成山剛(Vo, G) 今までに比べて早かったですね。

──前作の「paratroop」から今作に至るまで1年2カ月なんですが、その間にシングルを2枚出して、2回の全国ツアーとsleepy.ac(アコースティック編成の名義)のツアーを開催して、フェスにも出演してとずいぶん多忙な日々だったと思います。その間にアルバムを作るのは大変だったのでは?

インタビュー風景

成山 そうですね。ツアーの合間を縫って、4月、9月、11月の3回に分けてレコーディングしてましたね。しかも最初から青写真的なものがあったわけではなかったんで、最後の最後までどうなるかわからず……。

──でも無事完成したと。

成山 ええ(笑)。

──今回のアルバムには、昨年リリースした2枚のシングルが収録されています。6月に発表した「君と背景」はキャリア初のシングルというだけでなく、「朝から聴けるsleepy.ab」というコンセプトが印象的でした。

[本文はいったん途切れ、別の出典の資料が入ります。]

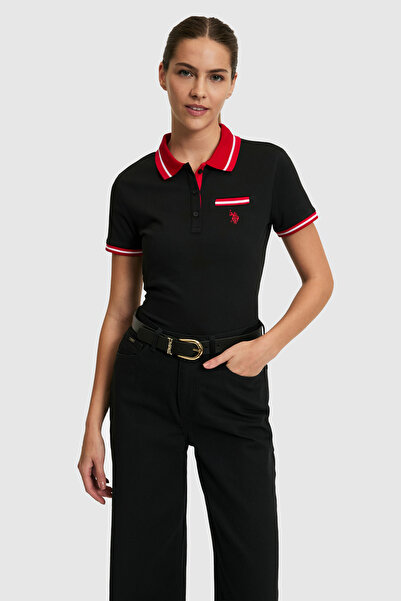 U.S. Polo Assn. Γυναικείο μπλουζάκι με μαύρο γιακά πόλο Basic 50323455-VR046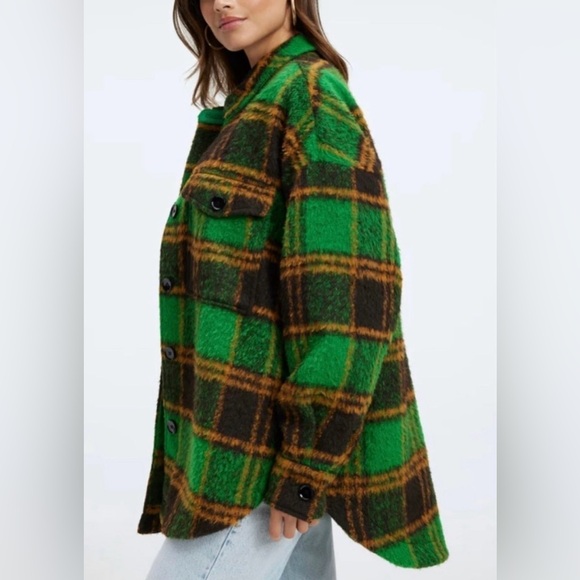 Good American Plaid Shacket Green Women’s Jacket - Picture 3 of 7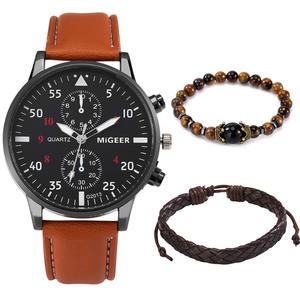 Chine usine pas cher prix 3 pièces ensemble cuir Quartz analogique montres affaires montre-bracelet tissé Bracelet montre meilleur cadeau pour <span class=keywords><strong>mari</strong></span> - Product Image 4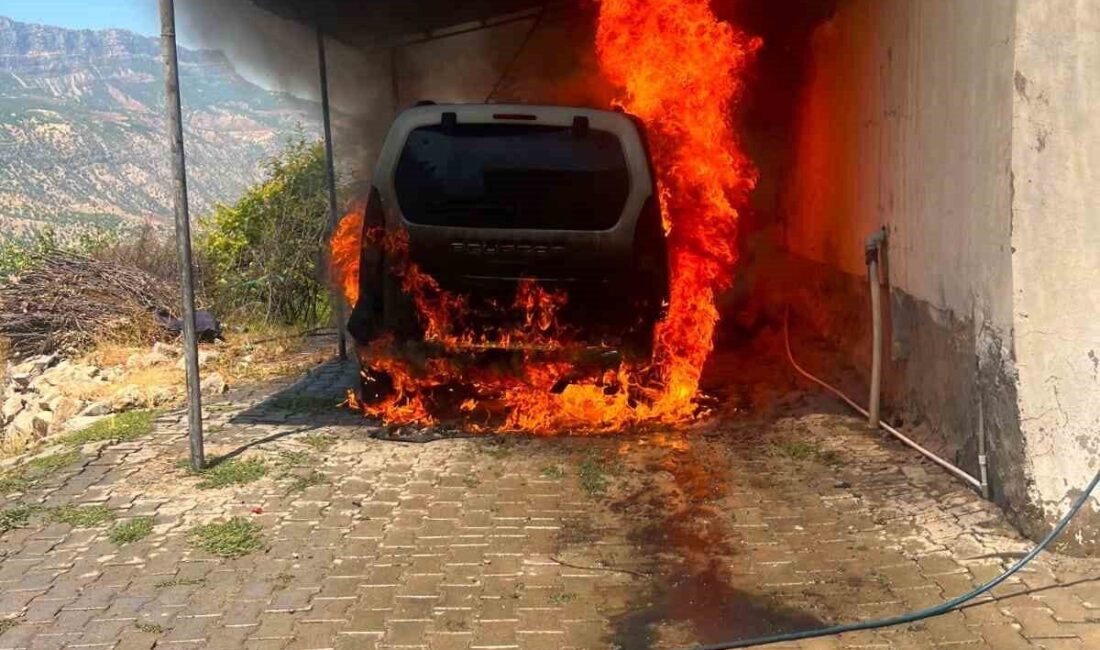 Siirt’in Pervari ilçesinde bir araçtan çıkan yangın, evi tehdit etti.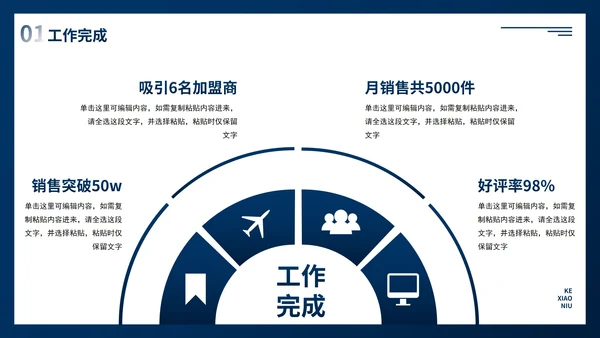几何高级渐变商务月末工作总结PPT模板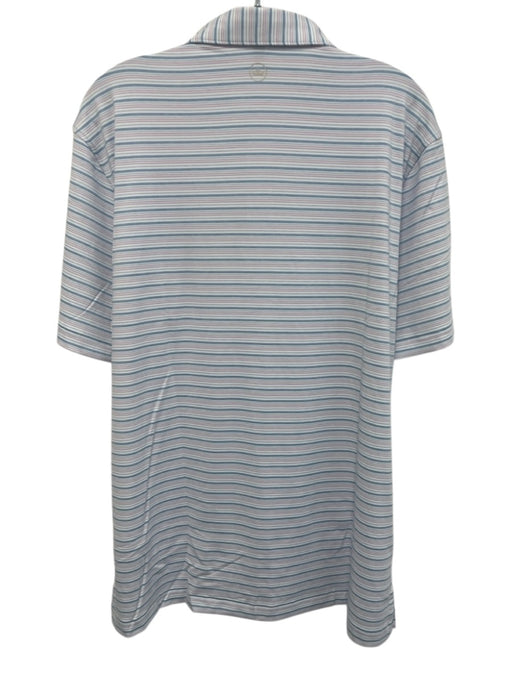 Peter Millar NWT Size L Pink & Blue Synthetic Striped Polo Men's Short Sleeve Pink & Blue / L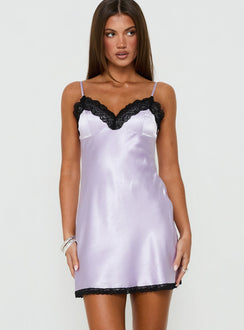 Viretta Satin Lace Trim Mini Dress Lilac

成山 「君と背景」を作ってるときは北海道は雪解けの時期で。その時期って、夏に向かっていくまでの短い時間なんですけど、キラキラしてて僕はすごく好きなんです。初めてのシングルってことで怖さもあったんですけど、新しいことに挑戦する思いや季節感を表現したいなと思って、アレンジした山内に「ちょっと光の量多めに」とお願いました。

──シングルを出すのは怖かったんですか?

成山 はい。どうやってシングルを作ったらいいのかわからなくて。アルバムってある程度曲が揃ってストーリーがあったり、聴く側もそれを意識して聴いたりできるんだけど、シングルはその曲がバンドのイメージになってしまう。だから慎重にならざるを得なかった。

──シングルを出したことで得たものはありましたか?

成山 自分たちを客観的に見るようになりましたね。シングルだからただポップにするっていうのは違うって思ってたし、自分たちらしさも入れたかったし。そもそも自分たちらしさっていうのは何なのか、どうやって入れたらいいのかを考えて。良いものができても、聴き手に誤解されたまま受け取られたらその後はないし。だから、自分たちが納得できるところはどこなのか考えながら作ってました。

──「君と背景」は開けたイメージの曲でしたが、2ndシングル「かくれんぼ」は閉塞感のある曲ですよね。そのへんのバランスは意識されました?

成山 ええ。「君と背景」は外に向いて動き出す感じとか、変わりたい思いとか、躍動感を出したんですけど、その分次は閉じたくなっちゃったんですね。開きっぱなしじゃいれなくなったっていうか。そうやってバランスを保たないと、音楽を作り続けていけないなって思っちゃうんです。

プロデューサーは責任重大で苦労の連続

──2枚のシングルを経てアルバムに続いたわけですが、シングルの影響もあってバリエーションに富んだ作品になりましたね。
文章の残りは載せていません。